I grew up at 28th and Fraser Street in the 1960's. I remember well the area called Hogan's Alley. The name had gone out of use, because I never even knew this name until I read a book on the early history of the police in Vancouver.

When I knew this area in the 1960's-70's the population was mainly Chinese-Canadians, facing Main Street were brick buildings with businesses, the original home
of the 3Vets surplus store was there.

My step dad was Black-Stanley G. Mitchell and I got to see and know something of the African-Canadian community then. Black people could and did live all over Vancouver city, mostly in
East Van. there was no specific
Black neighbourhood.

My step-brother lived near 30th and Main street, my dads best Black friend lived near Renfrew
and Hastings. From what I know
Jimi Hendrix's relatives lived in the West End.

So this does not sound like accurate history to me.

I support the preservation of the
history of African Canadians in the Lower Mainland.

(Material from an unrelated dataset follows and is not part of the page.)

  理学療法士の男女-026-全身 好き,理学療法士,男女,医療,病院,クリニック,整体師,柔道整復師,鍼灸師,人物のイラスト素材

I think John Sullivan Deas, we all know Deas Island and the Deas Island Tunnel. I always never understood why it's named after some Easterner named Massey who has no connection to BC history
and not after Black pioneer John Deas!

Thank you.

W.J. Mitchell

February 25, 2013  
Blogger Hogan's Alley said...

Hi WJM. Thanks for your comment. You are right that the period in which Hogan's Alley had a significant black population seems to have been before the 1960s. Many people write that the viaducts displaced the black community, but it is more accurate to say that the *planning* for the viaducts displaced the black community some time before the actual construction started. It is clear that by the 1960s and definitely by the 1970s the area became part of Chinatown. Also, members of the Hendrix family lived in various places in Vancouver, but Nora Hendrix, Jimi's grandmother, primarily lived in the East End throughout her life. Her house at 872 Georgia Street has been has been frequently noted as a historically significant site in Vancouver, and it is just four blocks east of Hogan's Alley itself.